The super talented O’Hara has a personal best of 10.19 and 20.45 seconds for the 100m and 200m respectively, established in 2014 and only in August, he achieved his lifetime best of 13.61 in the 110m hurdles which he will now be focusing on.
However, his transition to the senior ranks has not been smooth following injuries that sidelined him for a number of years and it was in May 2018 that he returned to competitive action and has slowly been improving his hurdles time gradually.
In July, O’Hara was one of a number of athletes, including Yohan Blake, Warren Weir and Kemar Bailey-Cole who were named in Usain Bolt’s tirade in defence of Glen Mills after the coach was said to be disrespected by some athletes.
But O’Hara refuted the claims citing he would never, ever disrespect the legendary Mills who is the head honcho of Racers.

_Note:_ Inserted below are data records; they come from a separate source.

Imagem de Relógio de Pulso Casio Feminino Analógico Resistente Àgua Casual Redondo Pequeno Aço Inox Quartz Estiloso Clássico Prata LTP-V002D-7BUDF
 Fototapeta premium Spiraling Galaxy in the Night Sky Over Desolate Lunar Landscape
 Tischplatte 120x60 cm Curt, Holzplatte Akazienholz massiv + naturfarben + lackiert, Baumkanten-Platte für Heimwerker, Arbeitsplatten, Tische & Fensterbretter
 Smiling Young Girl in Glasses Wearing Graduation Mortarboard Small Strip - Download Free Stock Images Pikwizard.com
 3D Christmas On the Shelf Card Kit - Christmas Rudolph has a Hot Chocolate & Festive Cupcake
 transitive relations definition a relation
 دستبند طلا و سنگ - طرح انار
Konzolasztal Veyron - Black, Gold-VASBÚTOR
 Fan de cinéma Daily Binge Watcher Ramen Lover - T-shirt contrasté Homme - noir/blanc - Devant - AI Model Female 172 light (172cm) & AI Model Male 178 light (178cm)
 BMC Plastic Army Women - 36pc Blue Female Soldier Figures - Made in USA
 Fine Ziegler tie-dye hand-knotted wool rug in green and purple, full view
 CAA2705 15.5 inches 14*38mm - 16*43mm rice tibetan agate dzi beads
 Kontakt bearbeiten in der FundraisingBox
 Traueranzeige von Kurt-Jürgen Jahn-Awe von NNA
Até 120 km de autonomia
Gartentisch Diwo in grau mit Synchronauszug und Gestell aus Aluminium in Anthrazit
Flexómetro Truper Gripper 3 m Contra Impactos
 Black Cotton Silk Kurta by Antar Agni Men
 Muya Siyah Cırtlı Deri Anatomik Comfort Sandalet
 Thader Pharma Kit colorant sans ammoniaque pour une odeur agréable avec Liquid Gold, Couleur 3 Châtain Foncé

O’Hara at the time was being coached by Mills and assistant hurdles coach Gregory Little.
“We just started training, but so far the programme is amazing and the atmosphere is amazing”— Michael O’Hara
But months later, O’Hara has now switched coaches and has returned to one of the coaches that made him a high school star.
“This is where it all started for me and so I look forward to improving on my times from last season and taking it day by day,” said O’Hara.
“My programme is geared toward the 100m and 200m as well but the hurdle is my main focus,” he pointed out.
He has battled back from injury and is ready to explode in an event he always had an affinity for outside of the glamourous sprinting events.